According to the Delhi High Court in the present case, the CCI can recall or review its order
under specific conditions, but only sparingly and not in every instance where the investigation has
been conducted without a sufficient hearing.
In its market assessment of the telecom sector, released on January 22, 2021, CCI recently
demonstrated a significant shift in attitude by noting that privacy can take the shape of non-price
competition. It was then swiftly put into practise through this Suo motu investigation order
against WhatsApp, wherein CCI acknowledged its departure from the prior ruling in the Vinod
Kumar Gupta case, stating that unreasonable data collection and sharing could give dominant
players a competitive advantage, potentially leading to abuse of dominance. For the sake of this
study, it will be limited to critically analysing CCI’s methodology and domain while identifying
WhatsApp’s ostensibly exploitative behaviour at the intersection of privacy and competition law.
Mohit Manglani v. M/s Flipkart India Pvt. Ltd. &
Ors (2015)
In accordance with Section 19(1)(a) of the Competition Act, 2002, Mr. Mohit Manglani had
complained against a number of e-commerce and portal companies for allegedly violating Section
4 in the present case. The informant claimed that these e-commerce websites had engaged in anti-
competitive behaviour with the providers of products and services in the form of “exclusive
agreements.”
Due to these tactics, the informant claimed that the customer was obligated to acquire the product
in accordance with the website’s conditions or refrain from making any purchases at all,
regardless of the terms and prices of the goods and services. This might be viewed as a decision
that may have an impact on the development of accountability and openness in the legal system,
as well as fair trade legislation. The Competition Commission of India further went ahead to
investigate whether agreements between manufacturers and online merchants about resale prices
violate any competition laws or not. The answer of which came in affirmative.
Conclusion
The Competition Act of 2002 was passed by the government as a measure to keep up with the
rapidly evolving economic conditions and is consistent with the new economic paradigms of
globalisation, privatisation, and liberalisation. It shows the country’s readiness to transition from
a planned economy to one with a free market but with sufficient checks and controls. Market
rivalry that is healthy is crucial for innovation and economic expansion. Injurious trade practices,
including the formation of cartels and monopolies, are against public policy, even though the
Indian economy has advanced from its protective position regarding domestic sectors.

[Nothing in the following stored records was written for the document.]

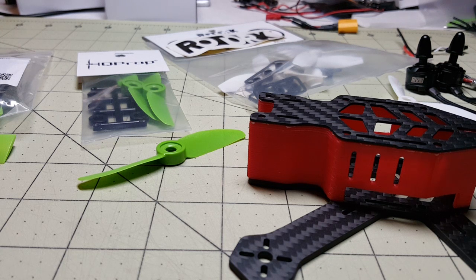Hey everybody, welcome back to my channel and welcome to my very messy workbench. I know a lot of you guys are waiting for the build of the Airblade Assault and it is coming. I am waiting for a camera to come that will fit this very tiny frame. It's actually been shipped finally and I'll be getting it soon, so this build will be starting pretty soon.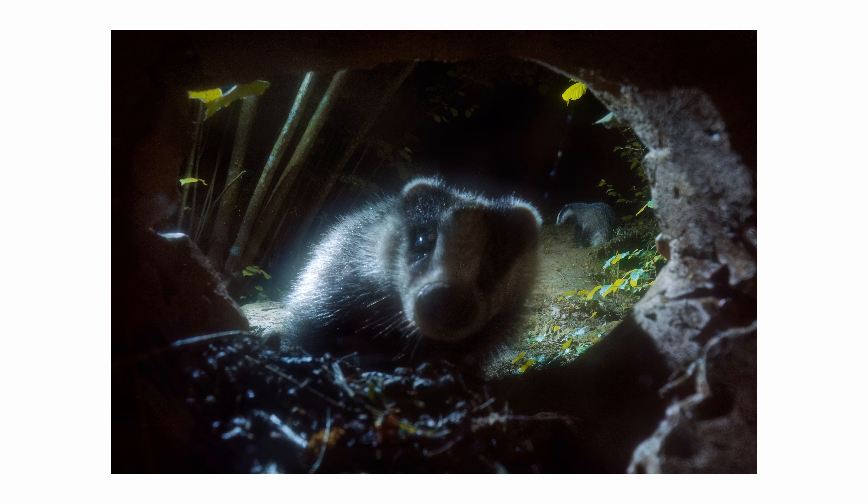Everything is done, though I had some problems with the wireless trail cam - it keeps saying SD card error. Back at the desk now: it was indeed a baby badger, and as they usually are, very curious and wanting to know what the hole is. But the image isn't quite what I wanted, so I'm probably going to wait another week and see what we get then.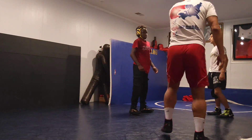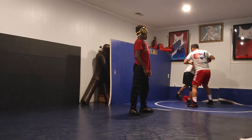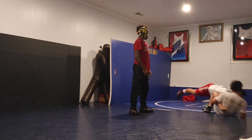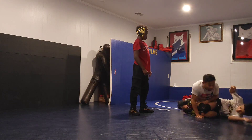Especially if you're near the out of bounds. As we get here, think about it — he's here, that's the out of bounds. I spin him out. Two. If I'm all the way out here — two.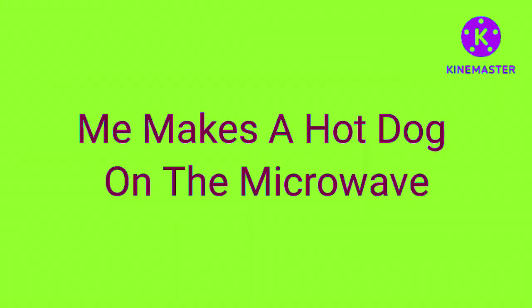Today's Come Master Series presents: Me Make a Hugdug on the Microwave, inspired by H.A. Studio Snuggin. Hello guys.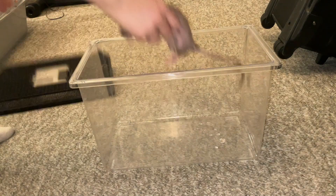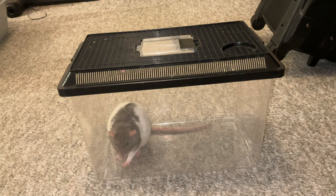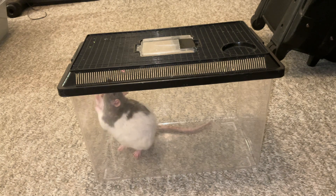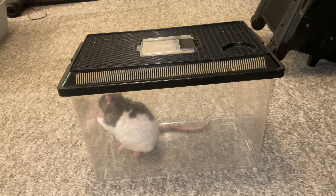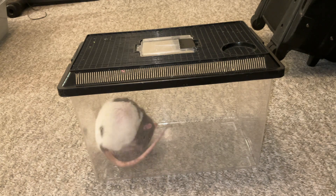Another thing you can do is take your carrier and put it in the fridge for a few minutes, then take it out and put your rat in it. The cold stimulates them to pee, so this is a quicker way to get their urine. You can also take them out when they're sleepy — oftentimes when they're deep asleep and you take them out, they'll need to pee right away, which is another good way to get a sample quickly.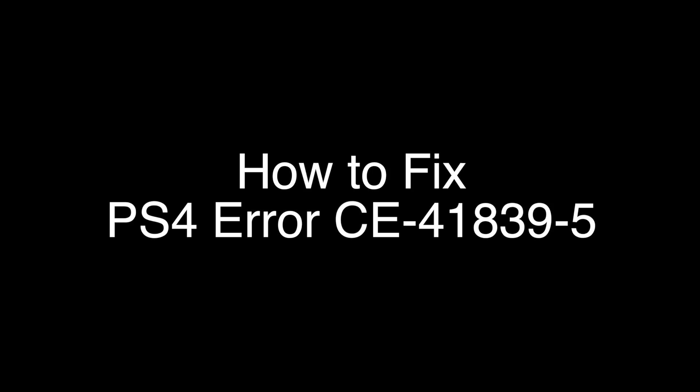Today we're going to show you how to fix your PS4 if you're getting the error code CE-41839-5. We're going to show you several methods for fixing this problem. If you stay with us all the way to the end of the video and try each of these methods, there is a very high probability that this problem will be solved for you.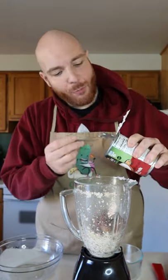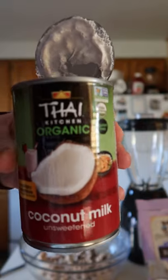Just the cashews, we're gonna be blending. Then we're gonna be doing the same thing with the dates and one can of unsweetened coconut milk.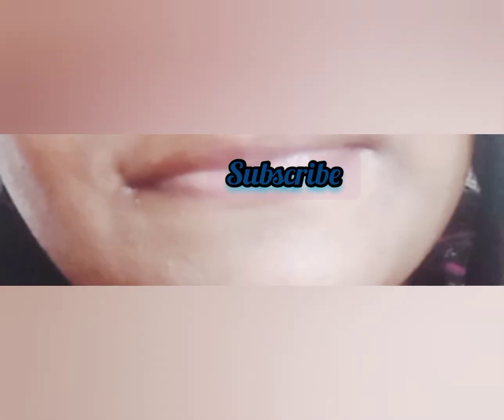If you liked this video, please like, share, comment, and subscribe. Bye.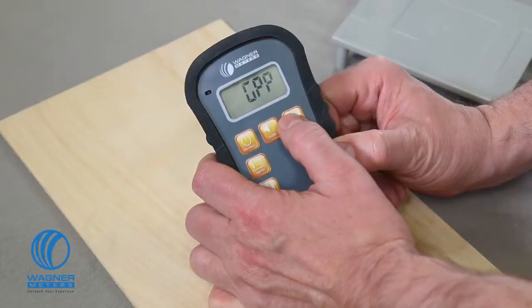The last mode you reach by pushing the species material button is the grains per pound mode. This is useful, for example, if you need to maintain the correct humidity level in your kiln while you're drying furniture stock. You can change the readings to grains per kilogram by pressing either the up or down buttons.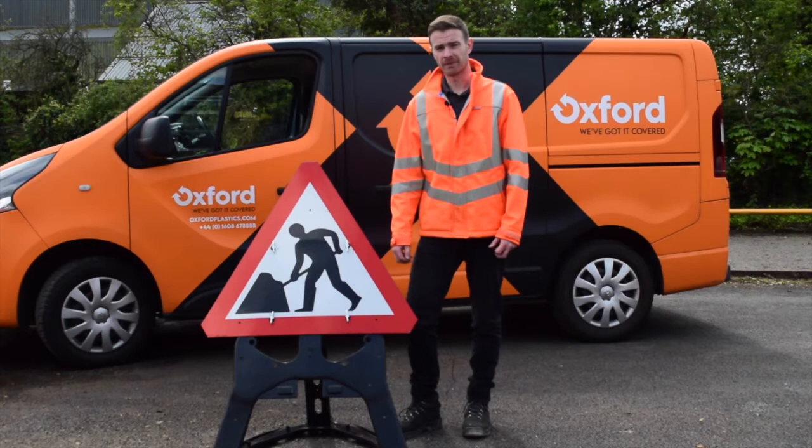For more information on the EnduroSign QuickFit Frame, please get in contact with Oxford Plastics. At Oxford Plastics, we've got it covered.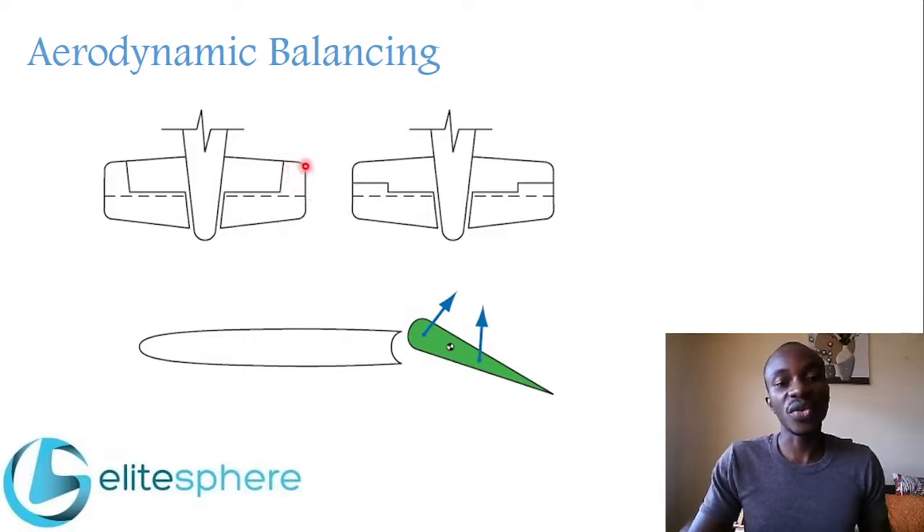At the end of the control surface, the portion that extends forward is called a horn. One example goes forward all the way up to the leading edge of the stabilizer; another just goes ahead slightly and then back again — both are horn balances. This forward portion is what we call a horn. This is done to balance the control surface and to remove the need to use a lot of effort in moving it.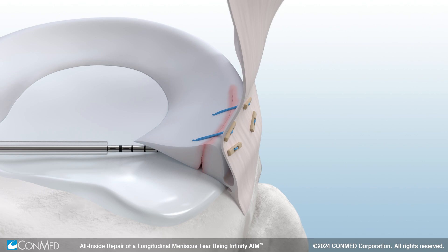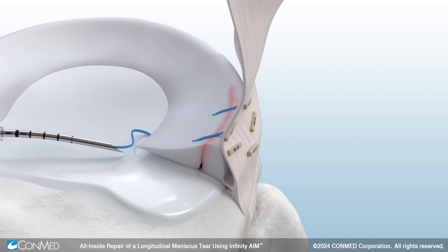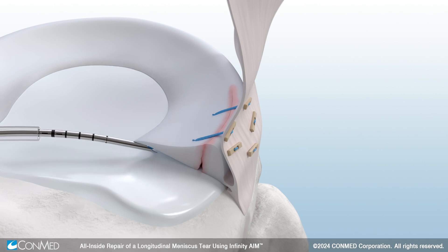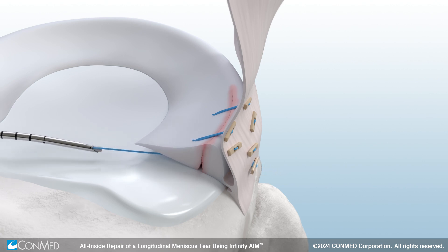Pierce through the capsule and deploy your implant. After the implant is deployed, pull the needle back out of the meniscus with enough suture slack to reach the next piercing position. Pierce the next location through the meniscus and capsule while still being on the inferior part of the meniscus. After the implant is deployed, pull the needle and use the red wheel to tension.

In addition to emphasising regulation, the Act also adopted the idea of “Competition Advocacy”
to advance competition, raise awareness, etc. By imposing severe penalties on the parties
involved in anti-competitive acts, the Commission occasionally makes its presence felt in the
market. The consumer now benefits from healthy market competition and has the opportunity to
choose the most affordable and advantageous choice available to him, which is the main
advantage of such acts. Because the general population is now required to accept the ludicrous
terms and conditions imposed by the major participants in the market, it hurts not only the little
manufacturers but also them. The ideal of economic equity is undermined when the wealthy
increase their wealth at the expense of the poor. To monitor such tactics, a body like the
Competition Commission of India is necessary.